The Washington Redhawks was a culture jam created by a group of Native Americans to draw attention to the Washington Redskins name controversy. In 2020, the team retired the Redskins branding amidst the removal of many names and images as part of the George Floyd protests. The football team was later renamed the Washington Commanders in 2022.

Action
On December 13, 2017, a Native American group, Rising Hearts, created several authentic-appearing websites and a Twitter campaign, that seemed to announce that the Washington Redskins had agreed to change its name to the Washington Redhawks for the 2018 season. The sites included one for the team, and for several news outlets: The Washington Post, ESPN, Sports Illustrated and the Bleacher Report. After an initial period, a disclaimer was posted on each spoofed page with a link to a press release explaining the group's action.

The organizers describe their tactic as culture jamming, and state that their intention is to stimulate debate that will eventually lead to an actual name change.
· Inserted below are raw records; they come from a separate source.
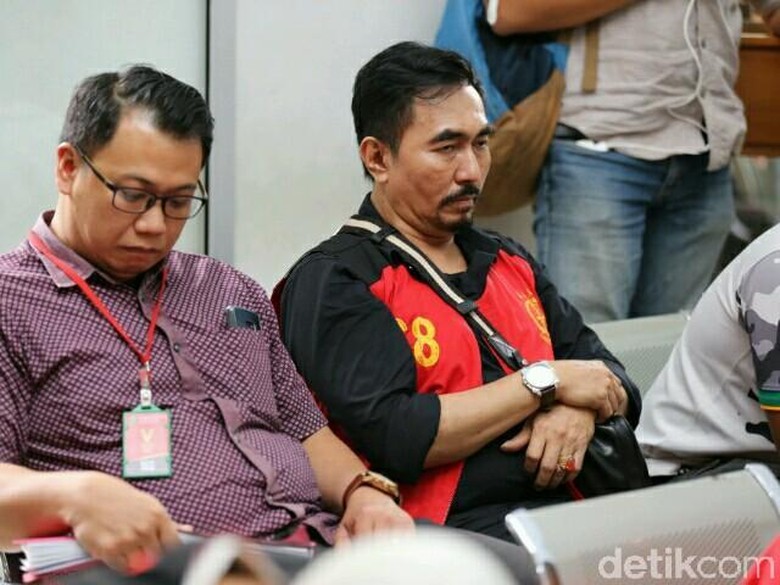 Divonis Sembilan Tahun Penjara, Aa Gatot: Masa Nggak Sedih! Divonis Sembilan Tahun Penjara, Aa Gatot: Masa Nggak Sedih!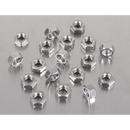 Sealey SS8 Stainless Steel Full Nut Din 934  M8 x 1.25 pitch - Pack of 100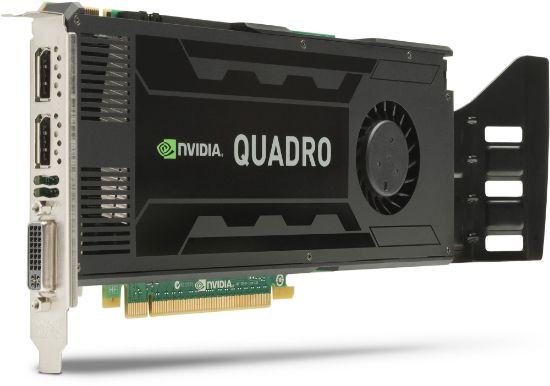 Picture of DELL 0D5R4G Quadro K4000  3GB GDDR5 PCI Express 2.0 x16 Workstation Video Card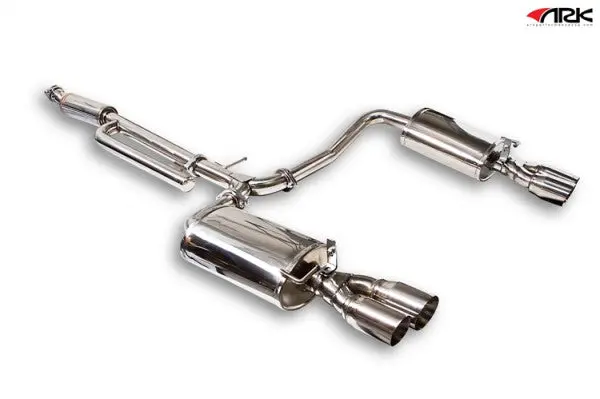 2011-2013 Kia Optima Dt-S Exhaust System W/ Polished Tips | Ark - Sm0802-0111D 1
Rather than presenting the continued hostility of the debate, their action provided an opportunity for change advocates to write about the positive responses and outcomes that would follow the change.
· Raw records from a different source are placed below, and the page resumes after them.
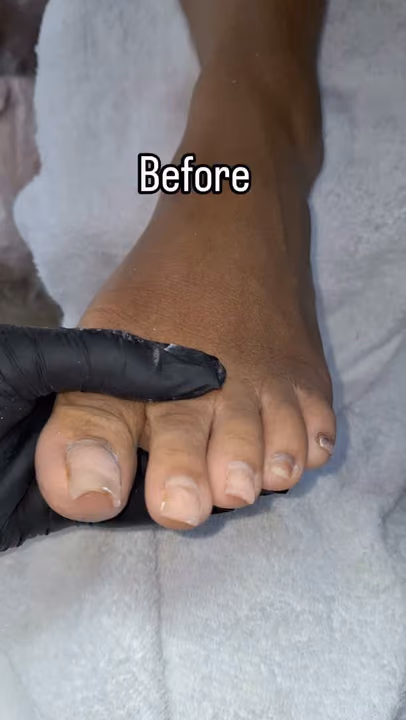 Pedicure — nail work by Nail Your Occassion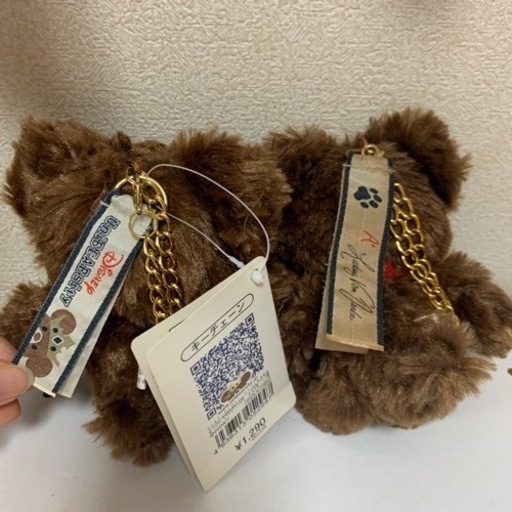 ディズニーユニバーシティ　キーチェーンの写真2枚目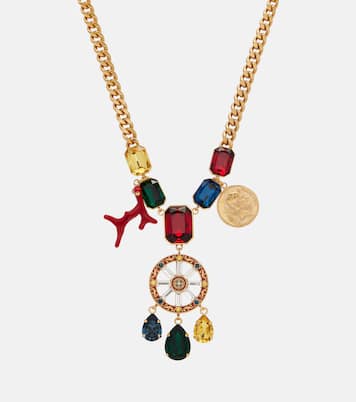 Carretto embellished pendant necklace | Dolce&Gabbana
Rising Hearts Coalition included Rebecca Nagle (Cherokee Nation), Sebastian Medina-Tayac (Piscataway), Valarie Marie Proctor (Cedarville Band of Piscataway), Jair Carrasco, (Aymara), Lindsay Rodriguez (Cheyenne Arapaho), Jordan Marie Daniel (Kul Wicasa Oyate) and Nick Courtney (Makah).

Response
The Washington Redskins posted a message on their own web site stating: "This morning, the Redskins organization was made aware of fraudulent websites about our team name. The name of the team is the Washington Redskins and will remain that for the future."

At a news conference the following day the organizers of Rising Hearts stated that their effort was satire or parody, and were surprised that the Redskins issued a statement denying any plans to change, as if it were serious, or "fake news".
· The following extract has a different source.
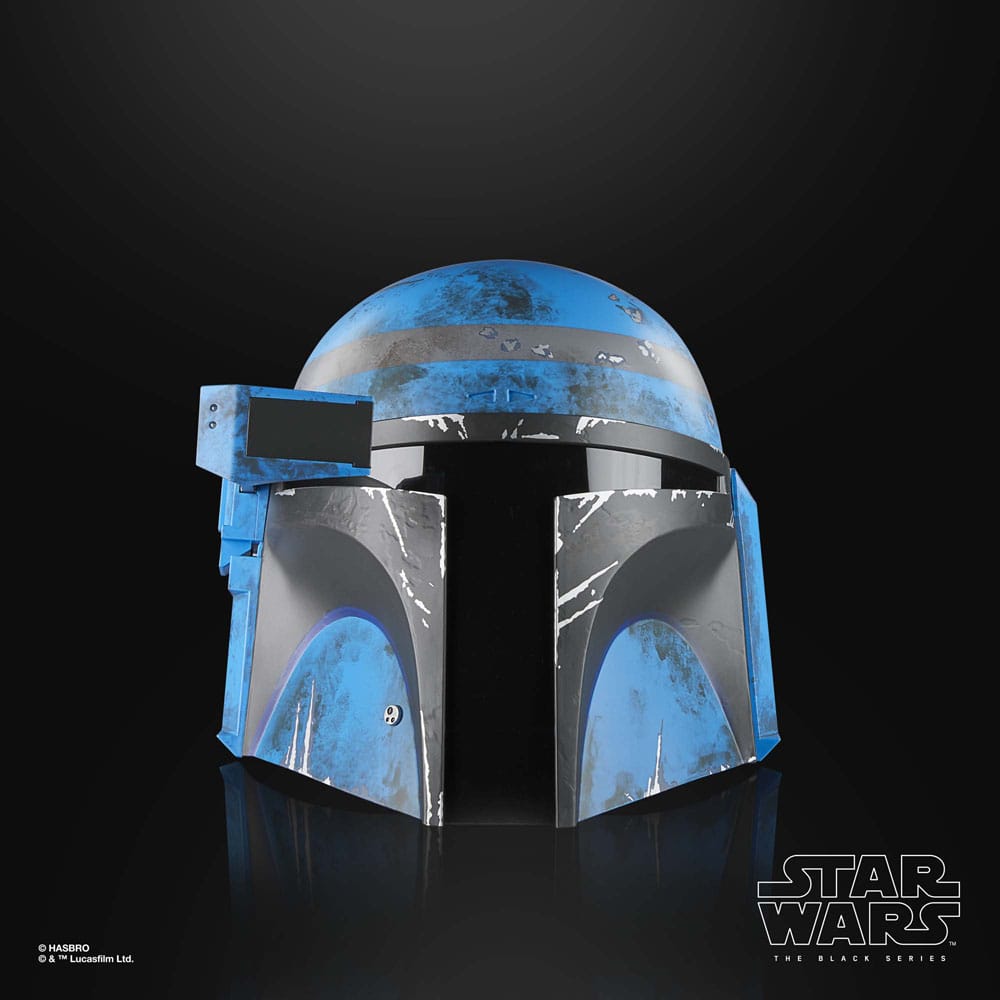 Star Wars: The Mandalorian Black Series Electronic Helmet Ax Woves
Reaction to the "culture jam" was varied among Native Americans depending upon whether the action was taken seriously or recognized for what it was. Some who took it seriously were elated, then felt betrayed when they found out it was not true. However, the action was supported by some long-time activists on the issue including Suzan Shown Harjo and Jacqueline Keeler, who agreed that it served to stimulate new attention. In an interview, the organizers took exception to the framing of their action as a "hoax", which has negative connotations of intending to mislead, which was not their intent.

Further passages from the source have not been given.